27/02/2023
En el ajetreo diario de las grandes metrópolis, nuestra atención se centra en lo que ocurre en la superficie: el tráfico, los rascacielos que tocan el cielo, los parques llenos de vida. Sin embargo, bajo el asfalto y el hormigón, se está desarrollando un fenómeno sigiloso y potente con consecuencias directas para la estabilidad de nuestras ciudades. Científicos lo han bautizado como cambio climático subterráneo, un calentamiento gradual del subsuelo que, hasta hace poco, había pasado desapercibido para la mayoría, pero cuyos efectos ya están comenzando a manifestarse de formas preocupantes en la infraestructura que sustenta nuestra vida moderna.

Un innovador estudio de la Universidad Northwestern en Estados Unidos ha arrojado luz sobre este problema, calificándolo de “peligro silencioso”. Este fenómeno no solo está relacionado con problemas ya conocidos como la contaminación de acuíferos o ciertas afecciones de salud, sino que está provocando una transformación física del terreno sobre el que se asientan nuestros edificios, túneles y sistemas de transporte. El suelo, literalmente, se está deformando bajo nuestros pies, y la mayoría de nuestras estructuras no fueron diseñadas para soportar este nuevo tipo de estrés térmico.
¿Qué es Exactamente el Cambio Climático Subterráneo?

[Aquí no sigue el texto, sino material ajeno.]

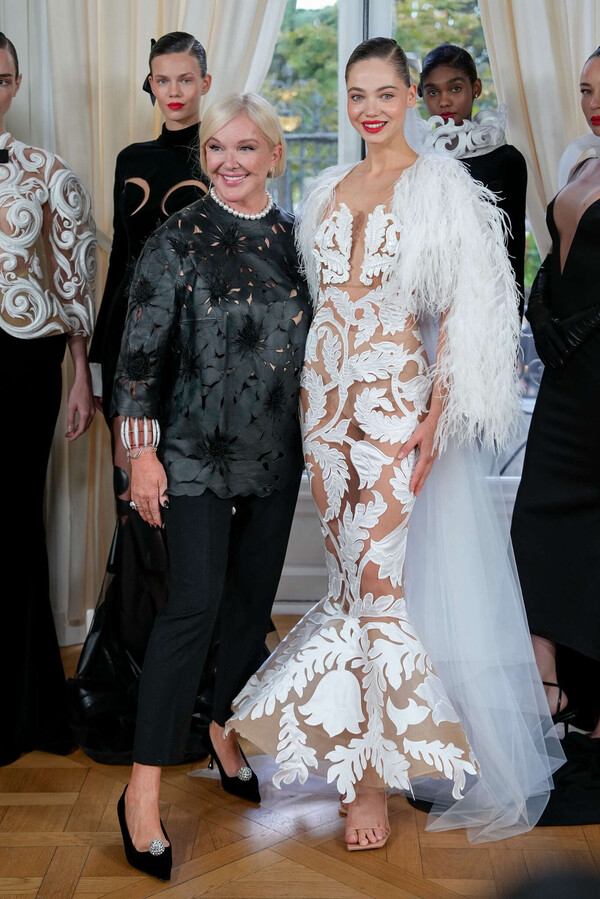 YANINA COUTURE BEAUTY IS FOREVER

El término puede llevar a confusión, por lo que es crucial diferenciarlo del cambio climático atmosférico que domina los titulares. El profesor Alessandro Rotta Loria, líder de la investigación, lo define como “el aumento de temperatura por debajo de la superficie”. Aunque ambos son resultado del impacto humano en el planeta, sus causas directas son distintas. El cambio climático subterráneo no es provocado por los gases de efecto invernadero en la atmósfera, sino por el calor que emana constantemente de las propias estructuras urbanas.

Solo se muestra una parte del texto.